TASK STATEMENT: Retype, exactly and completely, the listing that comes next, skipping its images.

___ DATA FOR THIS EXERCISE

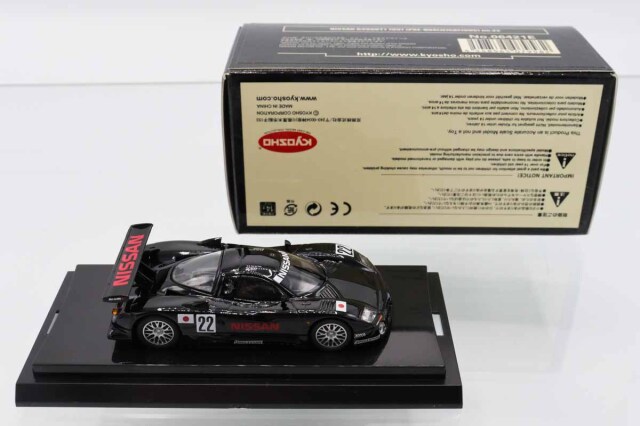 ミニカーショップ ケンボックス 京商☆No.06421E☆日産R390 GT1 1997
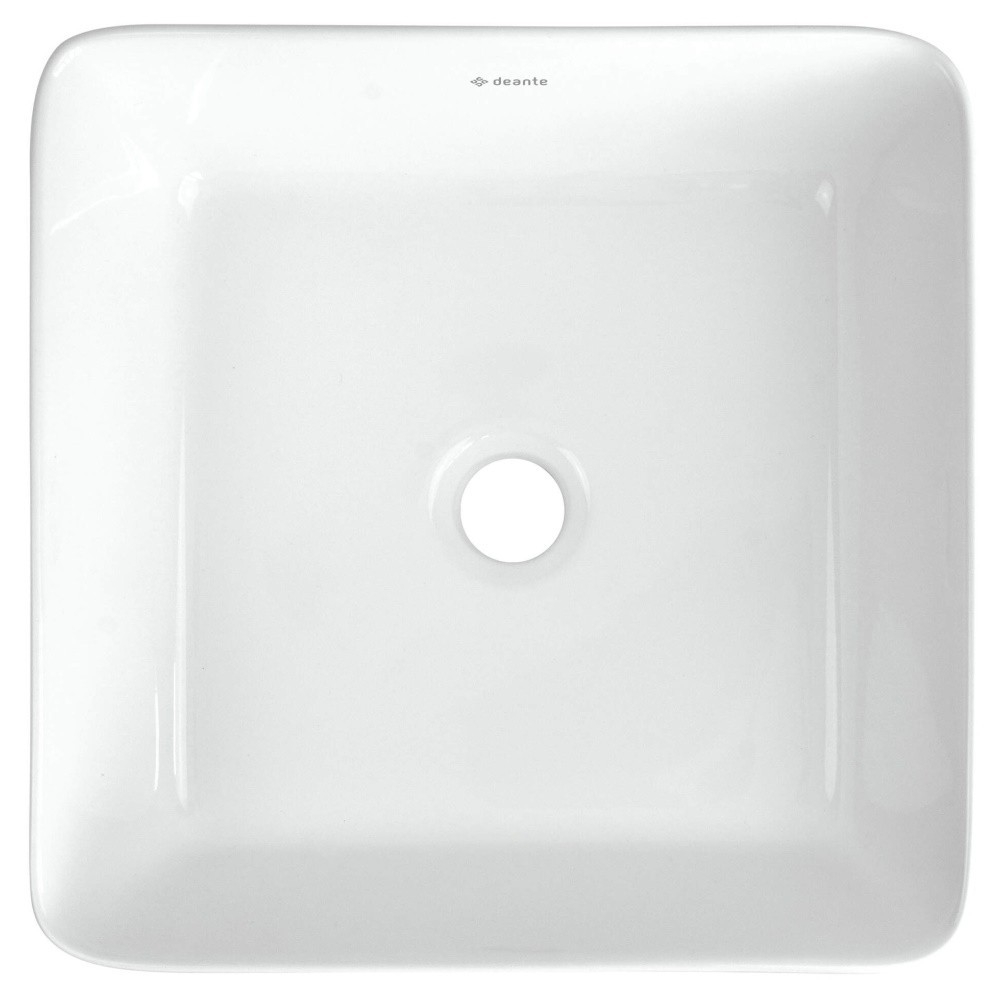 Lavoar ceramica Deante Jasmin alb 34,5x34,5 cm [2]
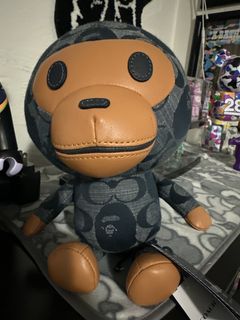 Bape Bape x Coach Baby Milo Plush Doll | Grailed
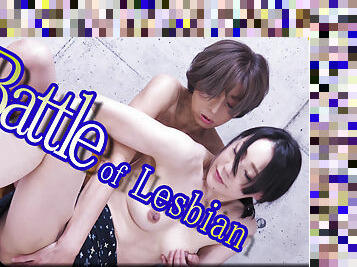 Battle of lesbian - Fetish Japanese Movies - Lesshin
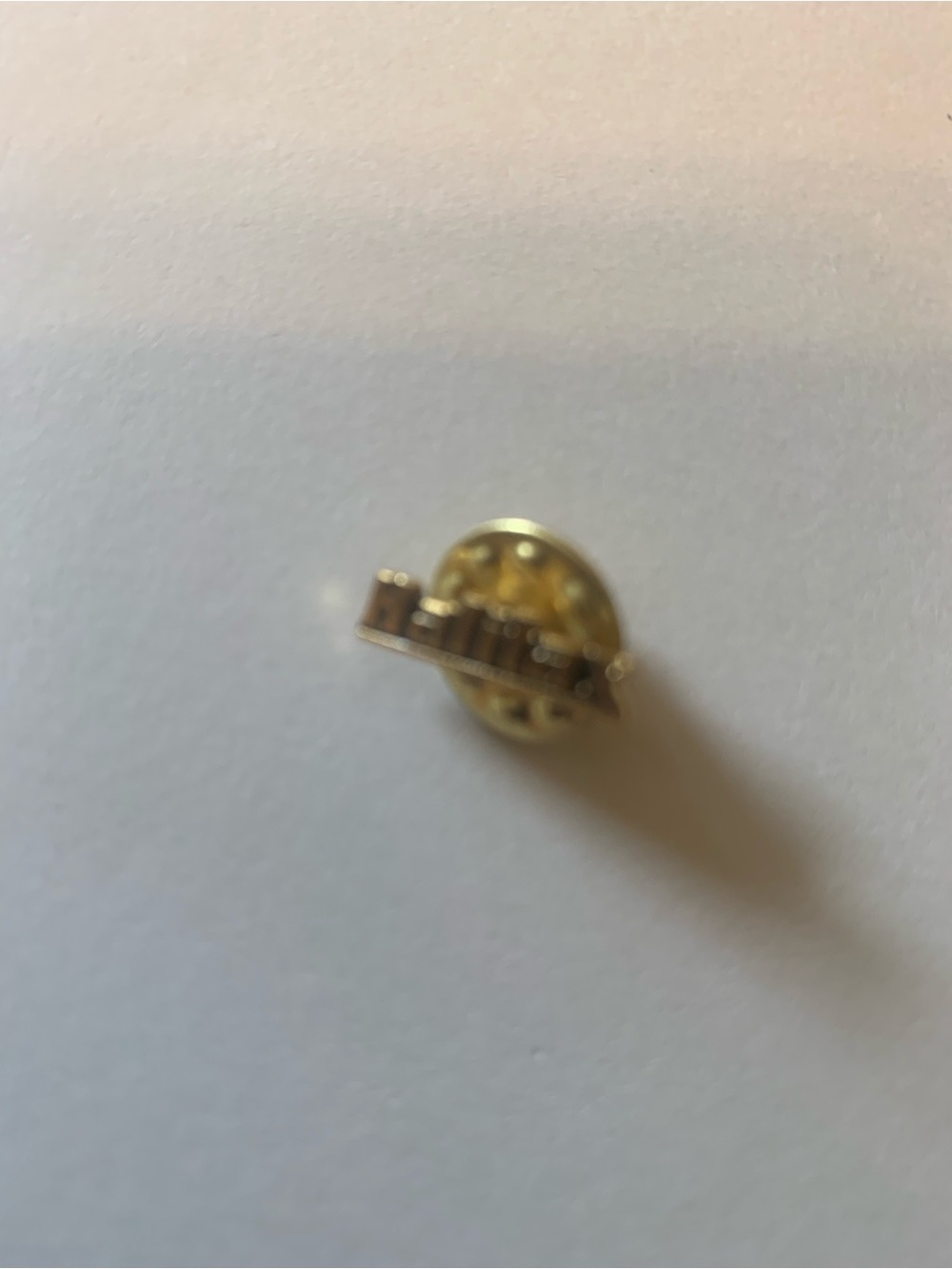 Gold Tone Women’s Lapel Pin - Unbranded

______

RESULT OF THIS EXERCISE:
 ミニカーショップ ケンボックス 京商☆No.06421E☆日産R390 GT1 1997
 Lavoar ceramica Deante Jasmin alb 34,5x34,5 cm [2]
 Bape Bape x Coach Baby Milo Plush Doll | Grailed
 Battle of lesbian - Fetish Japanese Movies - Lesshin
 Gold Tone Women’s Lapel Pin - Unbranded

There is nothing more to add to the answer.